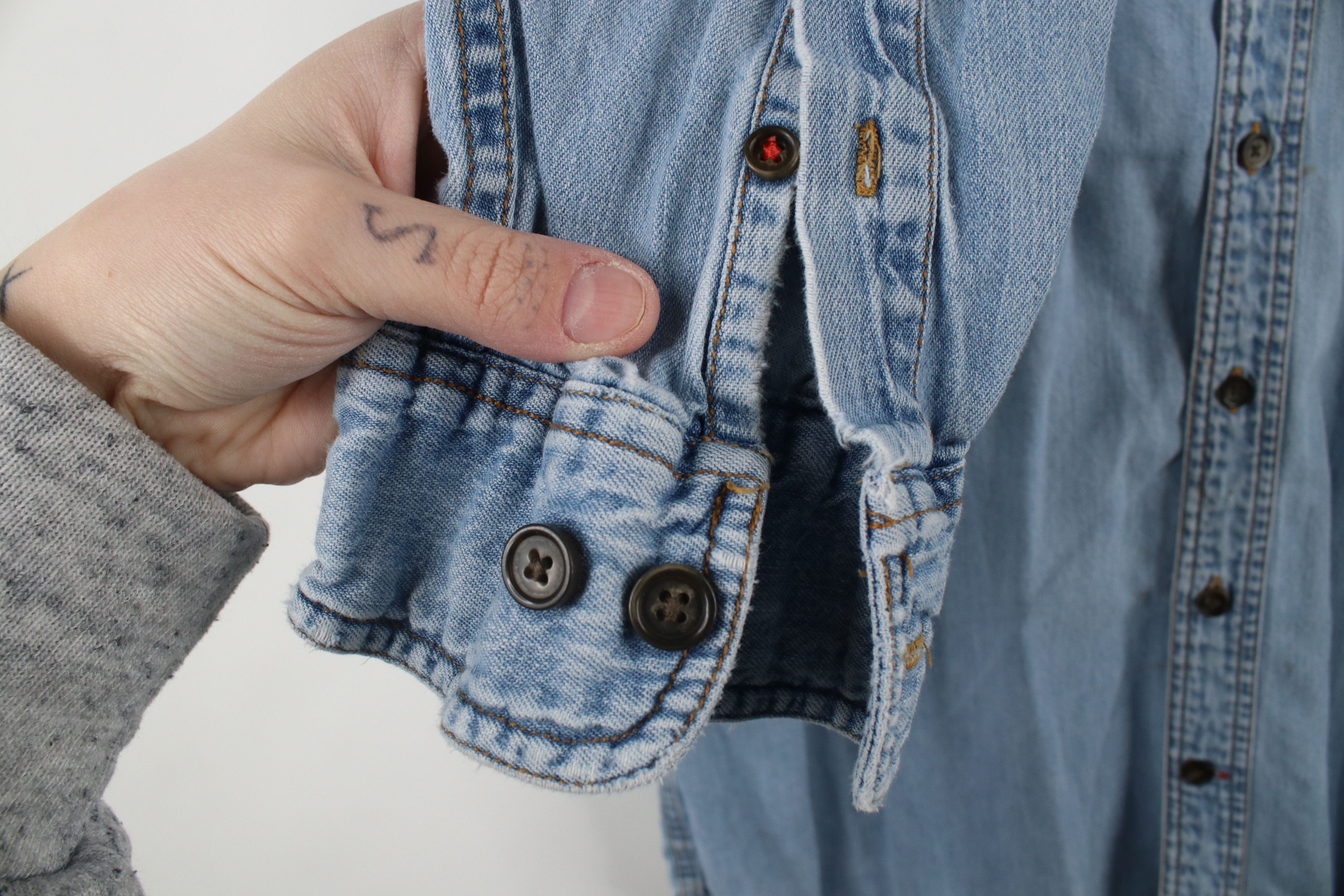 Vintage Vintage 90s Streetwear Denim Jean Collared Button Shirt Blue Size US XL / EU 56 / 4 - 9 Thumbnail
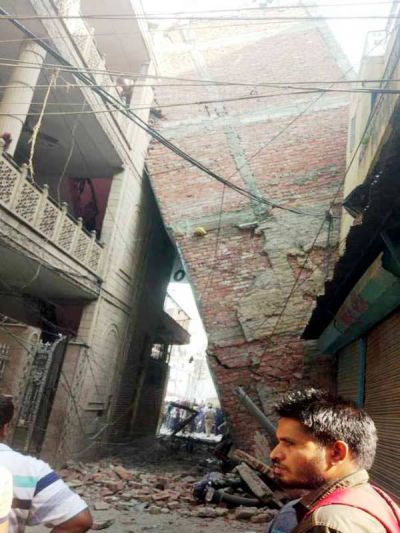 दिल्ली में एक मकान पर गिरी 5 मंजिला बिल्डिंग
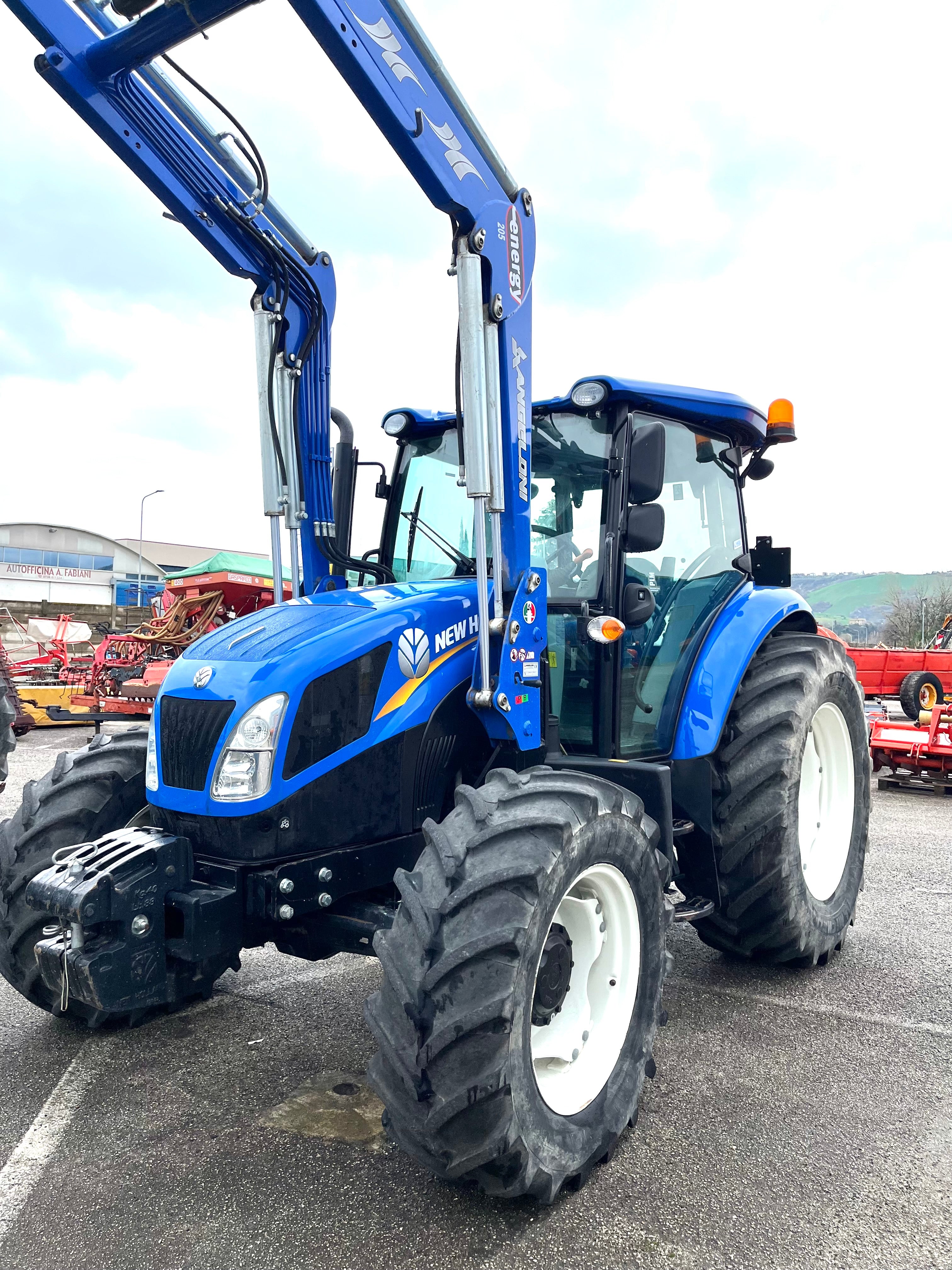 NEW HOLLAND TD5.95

--

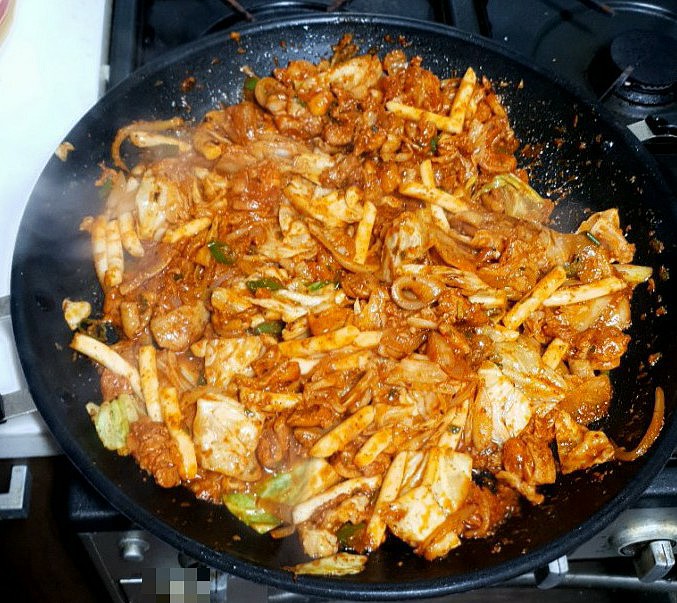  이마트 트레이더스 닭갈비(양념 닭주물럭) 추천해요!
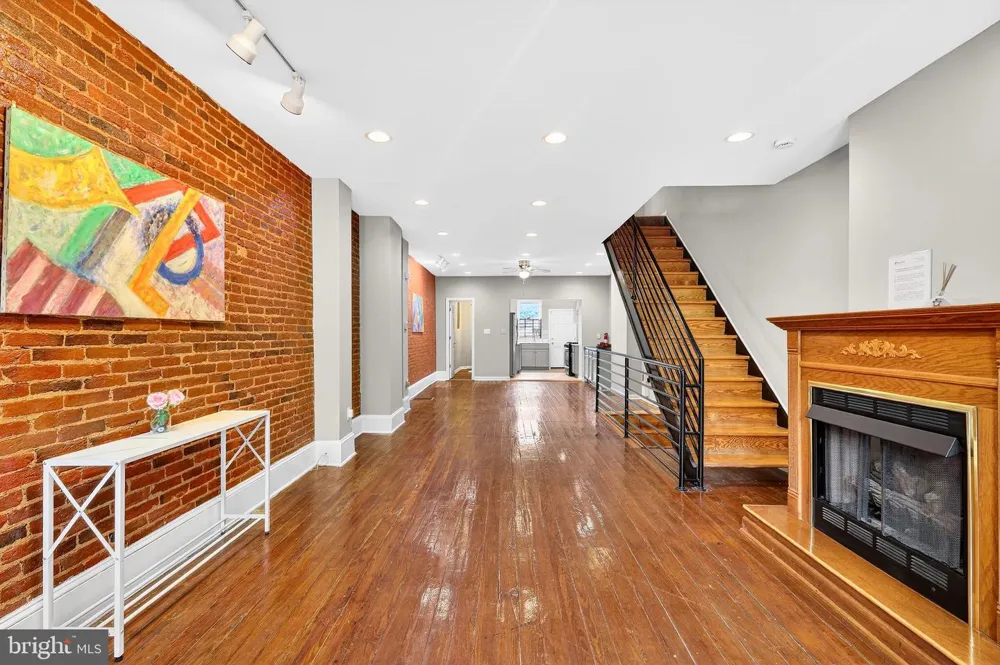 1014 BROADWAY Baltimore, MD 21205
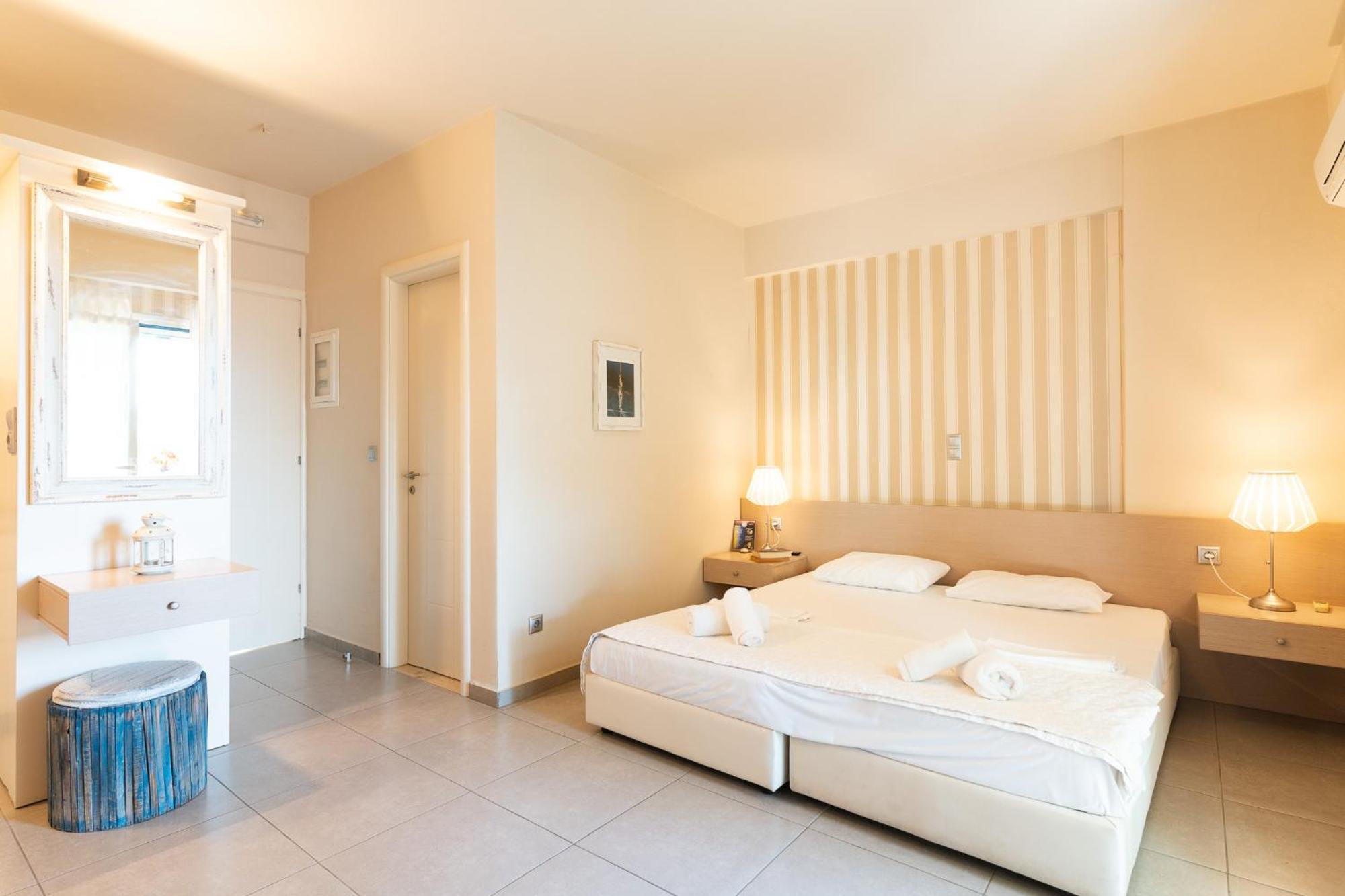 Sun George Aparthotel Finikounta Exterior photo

--

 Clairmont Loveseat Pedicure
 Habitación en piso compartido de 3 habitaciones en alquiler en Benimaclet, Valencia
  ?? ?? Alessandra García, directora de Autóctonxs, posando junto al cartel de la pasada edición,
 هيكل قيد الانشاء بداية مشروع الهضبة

### Your goal
The lines to extract from the data above begin with the line containing "Alessandra García, directora" and end with the line containing "هيكل قيد الانشاء بداية مشروع الهضبة". Extract them exactly, including both.

### Solution below
  ?? ?? Alessandra García, directora de Autóctonxs, posando junto al cartel de la pasada edición,
 هيكل قيد الانشاء بداية مشروع الهضبة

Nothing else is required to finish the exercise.